"The Oppressed Have a Way of Addressing Their Own Conditions" - On Joshua Myers' Cedric Robinson: The Time of the Black Radical Tradition
Manage episode 307374899 series 2502896
In this episode we host Joshua Myers, to talk about his recently published book Cedric Robinson: The Time of the Black Radical Tradition. Folks will recall that last year we had a conversation with Josh Myers about Cedric Robinson much of which centered around the content and concepts within Black Marxism.
While there is a slight overlap between this conversation and that one, the two are quite distinct and mutually inform each other. So we invite folks to revisit that alongside this conversation, or to listen to both for the first time to get a more complete picture of Myers’ extensive knowledge and analysis of Robinson’s life and work. Beyond that of course we encourage folks to pick up this book as it really does a great job of grounding Robinson’s intellectual work within the context of his life, organizing and relationships.
In this conversation we talk more about young Cedric’s developing anti-imperialist and anti-colonial consciousness. His disenchantment with the aims, strategies and tactics of the Civil Rights Movement. His critiques of leadership, and analysis of charisma, which set the ground for his first book The Terms of Order. And we discuss how Robinson’s work has always aimed to assault the foundations of academic disciplines.

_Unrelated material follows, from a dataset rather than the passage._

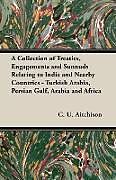 Kartonierter Einband A Collection of Treaties, Engagements and Sunnuds Relating to India and Nearby Countries - Turkish Arabia, Persian Gulf, Arabia and Africa von C. U. Aitchison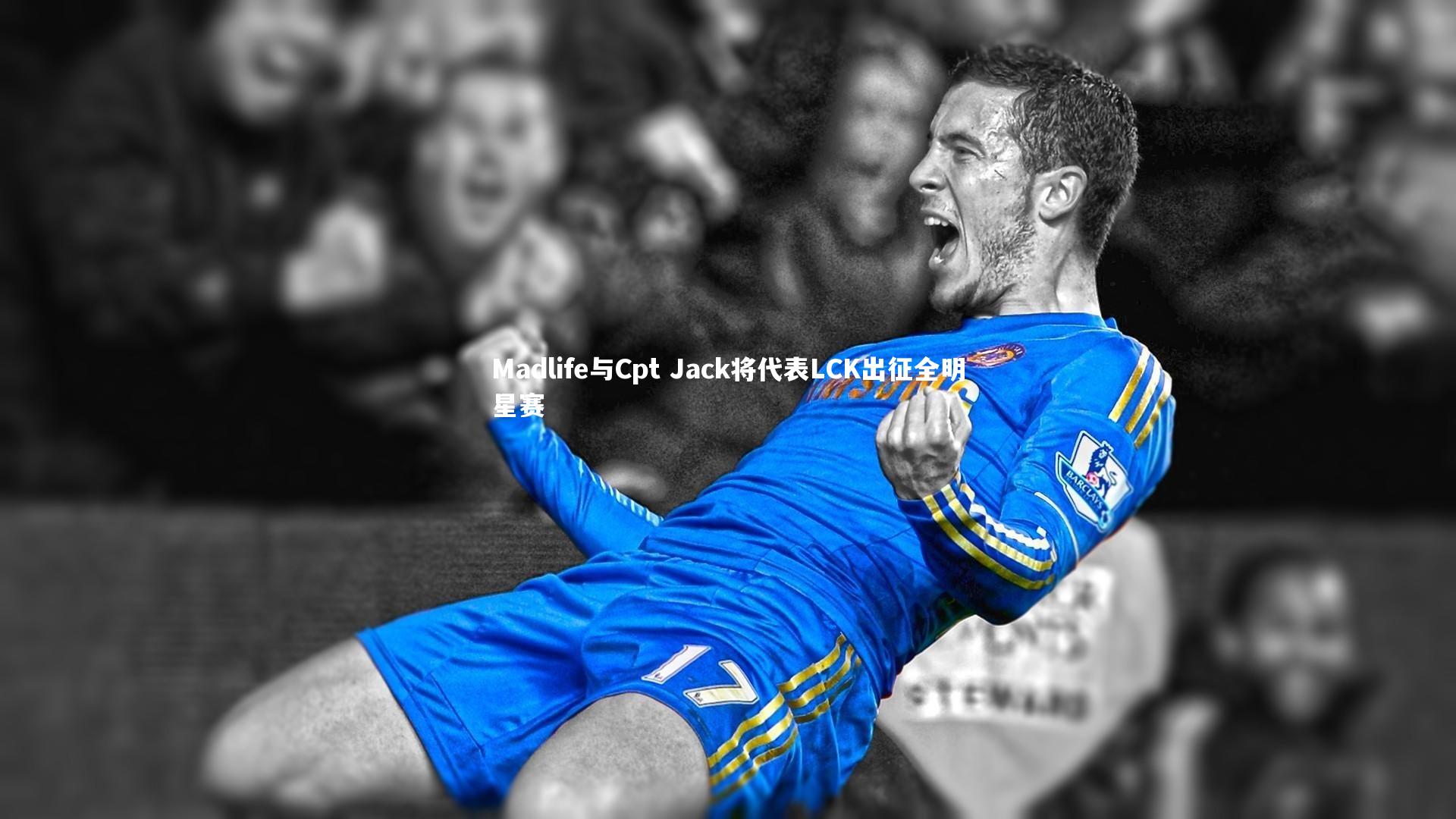 哈哈体育：Madlife与Cpt Jack将代表LCK出征全明星赛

We discuss the relationship between Robinson and CLR James, and the practices of study and development of undercommons spaces for colleagues and students. We also talk about the relationship between Cedric and Immanuel Wallerstein and Modern World Systems Theory.
We talk briefly about the arguments Robinson takes up in An Anthropology of Marxism and Forgeries of Memory and Meaning and of course we can’t resist a couple of questions on recent readings, mis-readings, and non-readings of Robinson’s most well-known work Black Marxism.